Peter Rhodes on a new word for Brexit, a fall in the final furlong and taking life to the moon
Read today's column from Peter Rhodes.
THE most dramatic conspiracy theory about the death in prison of Jeffrey Epstein, and the one retweeted by Donald Trump, is that the Clintons were responsible. At least it takes the heat off the Duke of Edinburgh.
OUR changing language. I offer you this new word for this pre-Brexit time: Cacadarmac. It is an amalgam of the words most frequently used in Project Fear to warn us of the appalling consequences of leaving the EU: catastrophe, cataclysm, disaster, Armageddon and cliff-edge all add up to Cacadarmac.
WHY do we need a new word? Because the old ones are flabby, overused and under-defined but rarely challenged. Politician A may describe the Brexit outlook as cataclysmic and Politician B may opt for disastrous. But they are never asked to explain what they understand by a cataclysm or a disaster. It may well be, for example, that one man's catastrophe is nothing more than a 5p rise in the price of avocados, while one woman's cliff-edge is a 0.1 per cent drop in the value of the pound. After three years of debate, the words have become meaningless. Is a Soubry Armageddon better or worse than a Hammond Armageddon? Is a Corbyn disaster more or less disastrous than a Rees-Mogg disaster? Nobody knows.

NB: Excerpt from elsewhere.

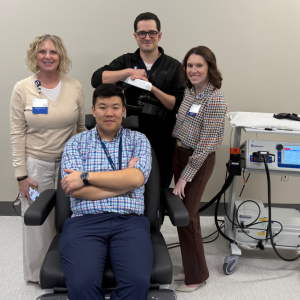One person sitting in TMS treatment chair with three other people gathered around the chair. TMS equipment to side.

SO from now on, let us only allow one word to be used to describe the horrors of Brexit: Cacadarmac. And let the doom-mongers agree on a firm definition, in terms of jobs, money and sovereignty, what Cacadarmac really means. I can't see it happening because I don't believe they know. Project Fear prospers when fudge is on the menu.
BETWEEN you and me, even in what looks like the final furlong, I'm still not convinced Brexit will happen. We have not seen the last of John Bercow and Gina Miller.
I WONDER who, in the great sweep of human history, will be remembered as the more reckless bunch of scientists. Is it the Israelis who, a few days ago, accidentally crash-landed thousands of indestructible little bugs call Tardigrades on the moon, or those scientists who simply can't wait to bring unknown microbes to Earth from Mars? Buy a gas mask. Find a cave.
WHEN the newspapers do those end-of-year supplements on the great events of 2019, I wonder what will get more coverage, the dam at Whaley Bridge or the punk hairstyle of Deputy Chief Constable Rachel Swann as she faced the cameras to describe the danger of the dam collapsing. In some ways, the barnet was more significant than the dam for it went to the roots (sorry) of the debate about the citizen and the State. Should uniformed public servants follow rigid rules on appearance or is some personal tweaking permissible?
I'M sure DCC Swann does her job very well but there is no escaping the fact that in the nano-second she stepped in front of the cameras at Whaley Bridge, the story changed from "Dam, dam, dam!" to "Hair, hair, hair!"